He suddenly whipped his head towards her in an angry stair, making her jump back, "How could you not? You're guilty as I am."
"… I'm not an American," She deadpanned, "I'm apparently Japanese."
His eyes suddenly widen in terror, "Oh… Oh I'm so sorry that we nuked your country twice and cause so many of your kind to die and suffer for so many years."
Amy shook her head, "Listen. You need to chill out-"
"No," He insisted, "We wrong your country in so many ways."

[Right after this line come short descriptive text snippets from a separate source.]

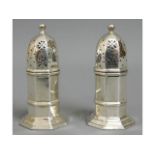 A 1916 Birmingham silver cruet set 3.25in tall, 68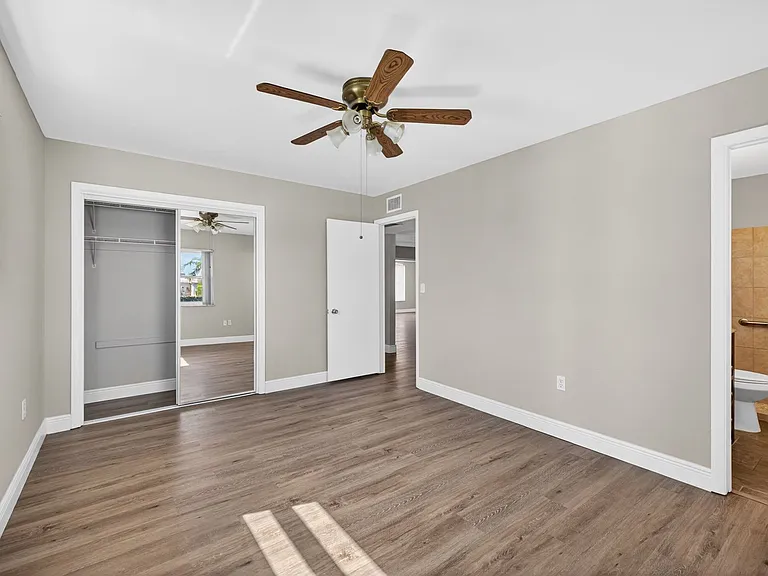 1528 Chevy Chase Dr — Photo 12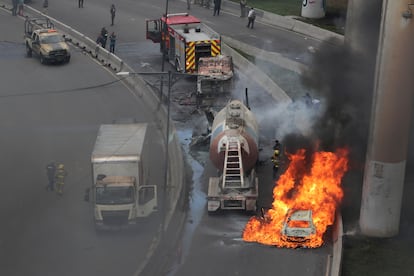 Los equipos de emergencia han llegado para sofocar el incendio de la explosión de pipa de gas.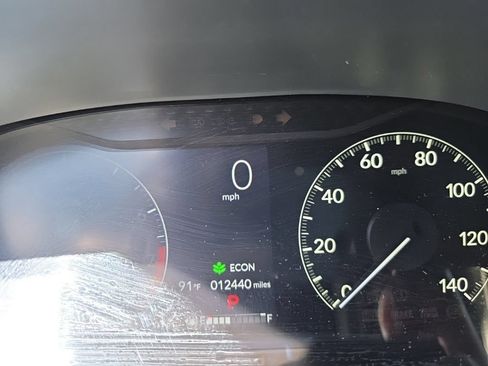 Certified 2025 Honda HR-V Sport image 22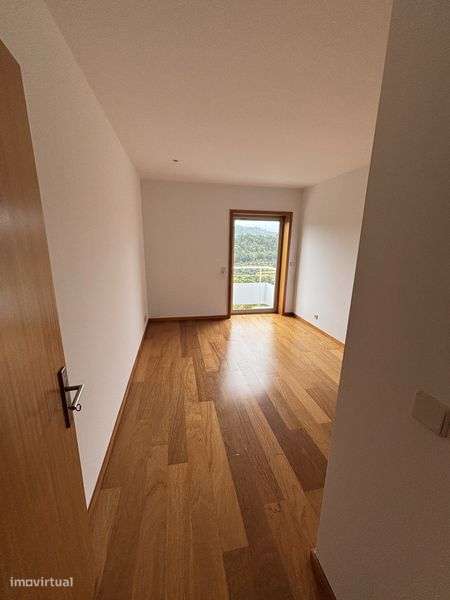 Apartamento T3 Centro Arco de Baulhe - Grande imagem: 5/8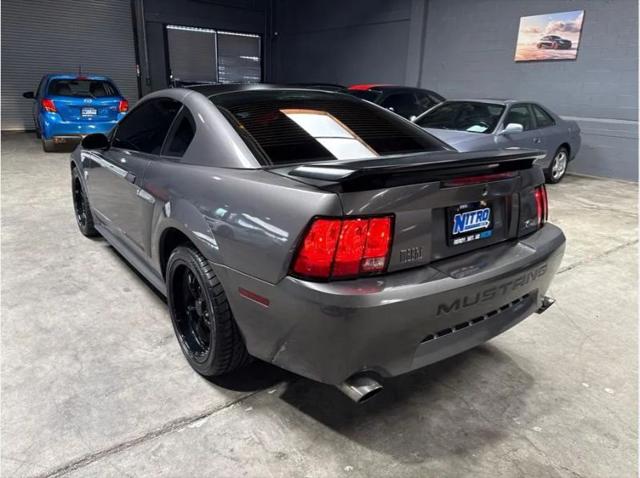 2004 Ford Mustang Mach 1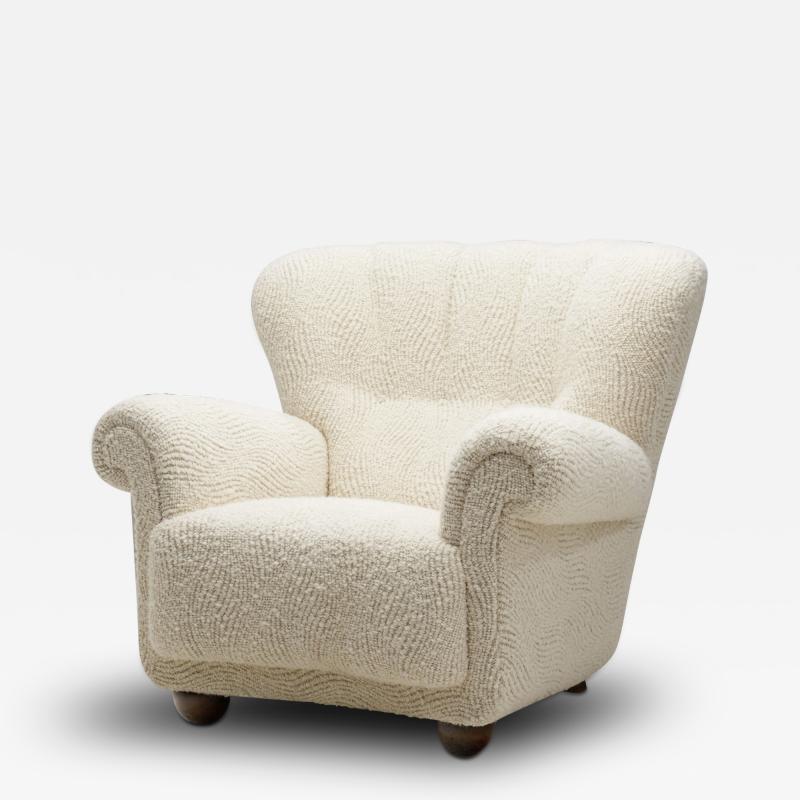 Danish Cabinetmaker Lounge Chair in a Patterned Boucl Fabric Denmark 1940s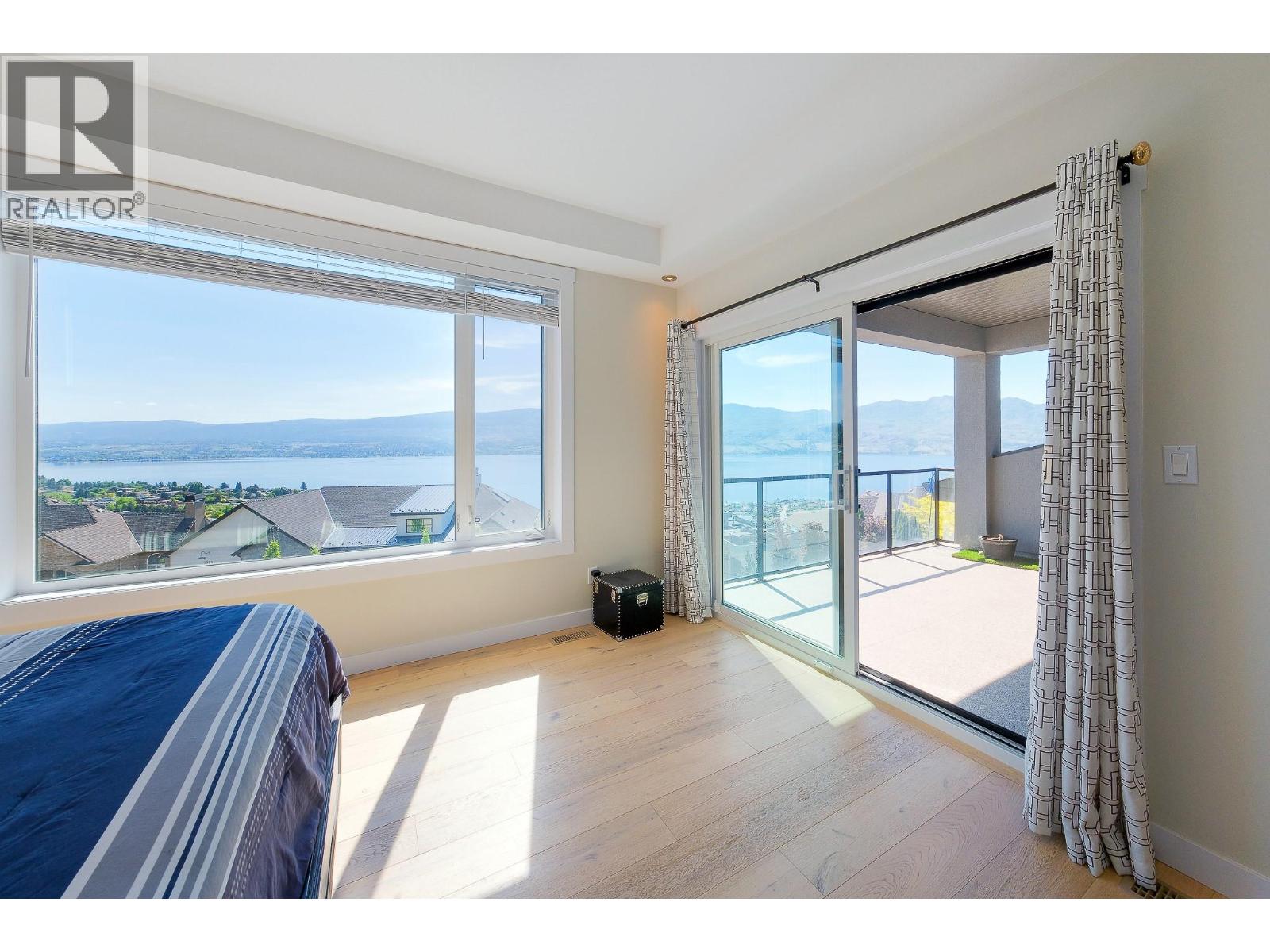 1534 GREGORY Road - 24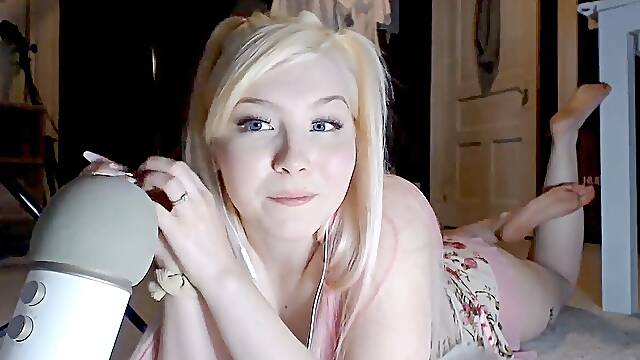 ElleBelle Asmr blond girlfriend Roleplay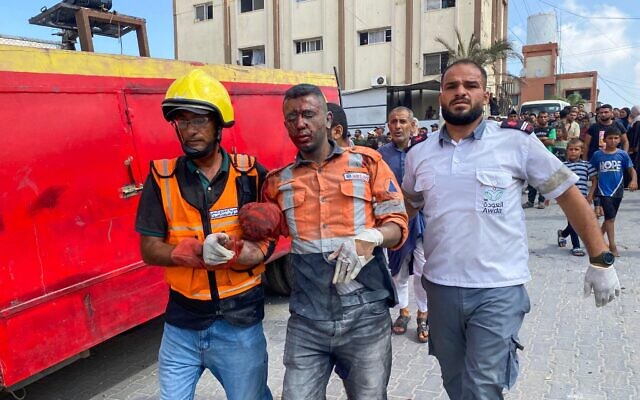 Des secouristes gazaouis évacuant un membre de l’Agence de défense civile de Gaza, sous autorité du Hamas, blessé lors de frappes israéliennes sur l'hôpital Nasser, à Khan Younès, dans le sud de la bande de Gaza, le 25 août 2025. Le Hamas a fait état de 15 morts, dont des journalistes. (Crédit : AFP) Des secouristes gazaouis évacuant un membre de l’Agence de défense civile de Gaza, sous autorité du Hamas, blessé lors de frappes israéliennes sur l'hôpital Nasser, à Khan Younès, dans le sud de la bande de Gaza, le 25 août 2025. Le Hamas a fait état de 15 morts, dont des journalistes. (Crédit : AFP)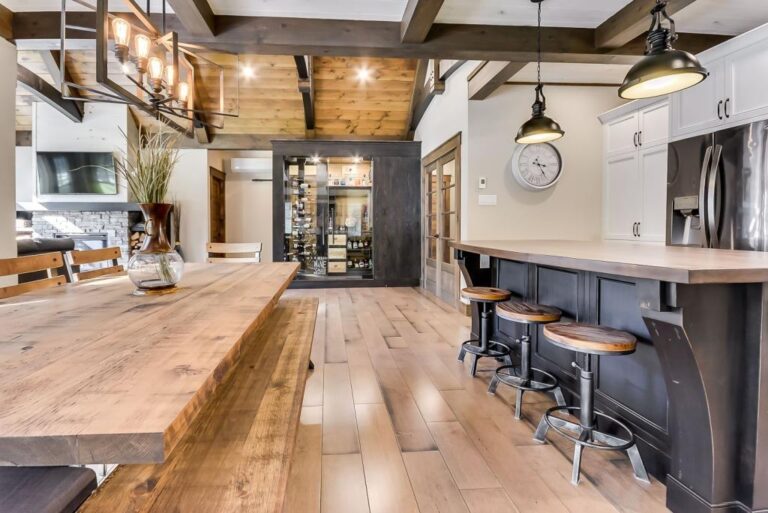 Maison de rêve construite en 2019 à L'AngeGardien en Outaouais Joli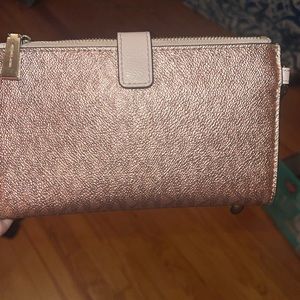 Michael Kors wallet rose gold shimmer very great condition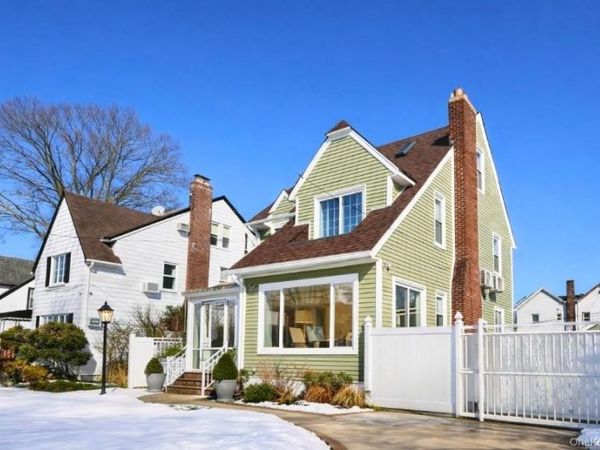 29-35 162nd Street, Flushing, NY 11358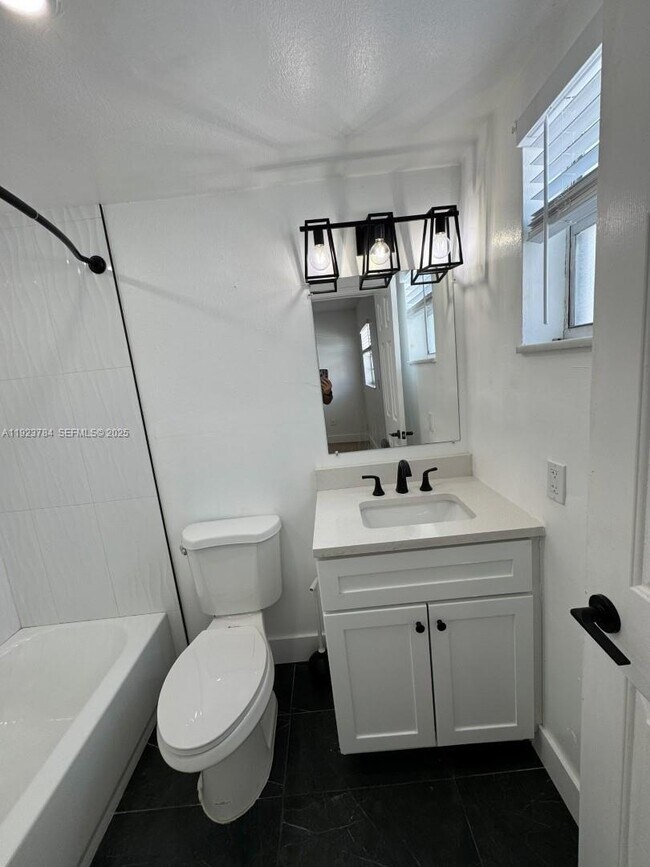 Building Photo - 1720 Cleveland St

She closed her eyes and took in a deep breath, catching herself before she could raise her voice at him. When she collected her mind, she put a hand on his shoulder.
"Okay, if this makes you feel any better," She began, "You can help me by finding Sunset Shimmer."
"Sunset Shimmer?" He asked, with his tone much lighter, "Oh, bless that girl's heart. She been helping minorities around here with healing the wounds we afflicted upon them," He slumped in his chair and put his head down, "And to think she would date me; a privileged white man."
She stretched her hand, "I'm Amy."
He looked at the hand nervously for a second before shaking it with his own, "Flash Sentry."
Sonic was in the thick of the crowd when the bell rang, weaving through them as he decided to check the hallways and lockers. He decided to retreat temporarily to the bathroom until the crowd clears a bit so he'll have an easier time to identify people in the crowd. It took a solid minute to clear, but once it did; he took his first steps out.
He had at least fifteen minutes before the next class starts; more than enough time to scan the building for her.
Sonic started on the first floor, and to his surprise; spotted her right away. There was a large crowd gathered, and Shimmer's red and orange hair stuck out like a sore thumb. She were in the mist of them with a large pocket of space around her, and students were surrounding her. As Sonic approached, he noticed a light Hispanic student standing before her, looking extremely nervous.
"Sunset Shimmer," He pleaded, "I must know. Am I privileged?"
The girl took one good look at him, and proceeded to draw a brown bag from her pocket. She observed him through the bag, and after a few seconds; lowered it and smiled at him.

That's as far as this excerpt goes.